TOMB RAIDER: Indiana Croft e il tempio maledetto

Recensione di Tomb Raider, il reboot con Alicia Vikander nel panni di Lara Croft. Al cinema dal 15 marzo 2018.

la locandina italiana del film Tomb Raider (2018)

Iniziamo dalle cose che funzionano, in questo terzo adattamento cinematografico del videoludico Tomb Raider: Walton Goggins. Fine.
L’esperto attore quarantasettenne, ingenerosamente ignoto dalle nostre parti prima della double feature tarantiniana Django Unchained – The Hateful Eight, mette faccia sporca e ghigno borderline al servizio di Mathias Vogel, cattivone con piano criminale average e antagonista di Lara Croft.

Il resto del film, reboot su grande schermo ispirato ai videogiochi Tomb Raider (2013) e Rise of the Tomb Raider (2015), è un grande e grosso naufragio.
Un po’ come quello che colpisce la giovane esploratrice ed archeologa “d’arte” Lara (Alicia Vikander) in cerca del padre disperso (Dominic West), mentre cerca di raggiungere un’isola misteriosa sede dell’ultima missione paterna: il ritrovamento della tomba di una funesta figura mitologica orientale.

Non ho mai giocato a Tomb Raider, ma immagino dai larghi consensi che l’andazzo fosse ben più avvincente e palpitante del corrispettivo su pellicola. Che, con una serie impressionante di ricalchi, diventa un pedante fan-film di Indiana Jones e si perde nei preamboli ben prima di arrivare all’appendice avventurosa.
Gli interpreti sono buoni: già detto del diabolico Goggins (che viene comunque sfruttato con ampio freno a mano), aggiungiamo che la fisicità e il musino della Vikander funzionano meglio della prorompente Jolie, protagonista dei due sciagurati film precedenti.

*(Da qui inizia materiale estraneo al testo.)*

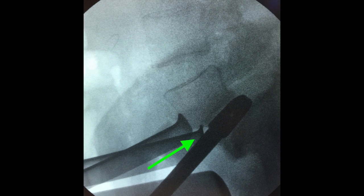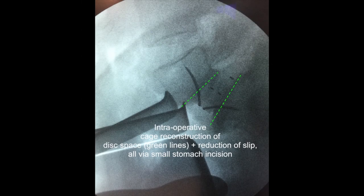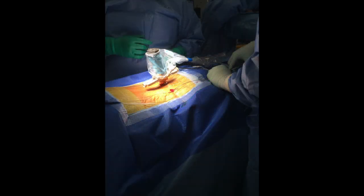Stage one was to take out the disc and put in a nice large cage with solid anchoring, giving her a new disc space.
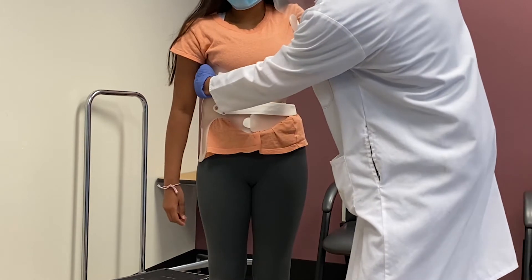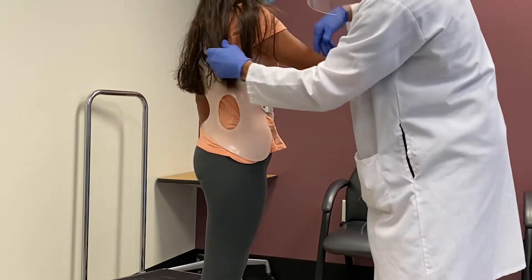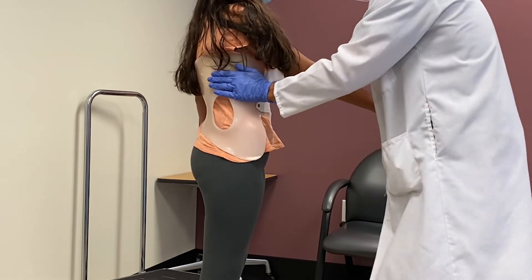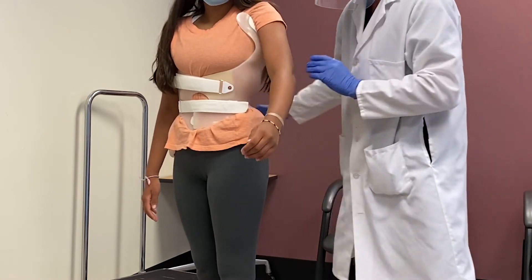This is a counterforce to the thoracic push. Rotating Navia, you'll see the pad pushing on the thoracic spine. This is called a saddle, and this is the counterforce to the thoracic push.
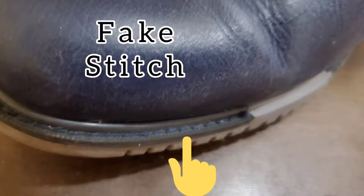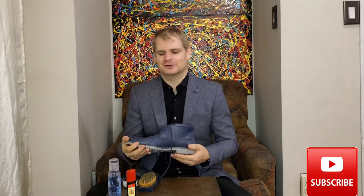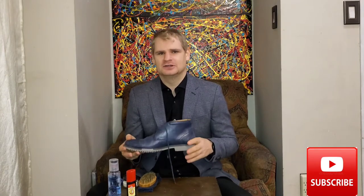There is no Goodyear welting, no Blake stitch, no hand welting. If you look closely there is stitching at the top, but that doesn't attach anything — it is just a cosmetic stitch to make it look as though it is Goodyear welted. It is not. With a cement-fused pair of shoes you are not going to be able to resole them, so once it is worn out they are done. You want to make sure to check the sole of any cemented shoes first and foremost, because once that's gone there is no going back.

Alicia Vikander nel film Tomb Raider (2018) – Photo: courtesy of Warner Bros. Italia

Il dramma è ai piani alti, nell’inconcepibile sceneggiatura dei perfetti sconosciuti Alastair Siddons e Geneva Robertson-Dworet, che per oltre un’ora si perde in un bicchier d’acqua, spaesata e incerta come un bimbo al primo giorno di scuola.
Da un progetto del genere non mi aspetto spessore filosofico, ma neanche la noia oceanica, le parole asfittiche e la girandola di siparietti interlocutori che Tomb Raider schiaffa sullo schermo.
Quando la scintilla si ravviva un minimo, nella tetra tomba che restituisce un setting degno del franchise videoludico, è troppo tardi.
Trabocchetti, insidie e maledizioni – per non parlare della rafferma dinamica padre/figlia – sono innocui e didascalici, e lasciano insensibili tanto le frange nerd quanto quelle profane.
Finale “stupefatto” alla Saw e incombente minaccia di sequel.

Menzione speciale per la sequenza di Lara intrappolata in bilico sulla carcassa di un aereo, che diventa una trasposizione quasi frame-to-frame della mitica jeep sull’albero di Jurassic Park, a simboleggiare l’imbarazzante mancanza di idee, originalità e prospettive di Tomb Raider.
Per la serie: non gode neanche chi s’accontenta.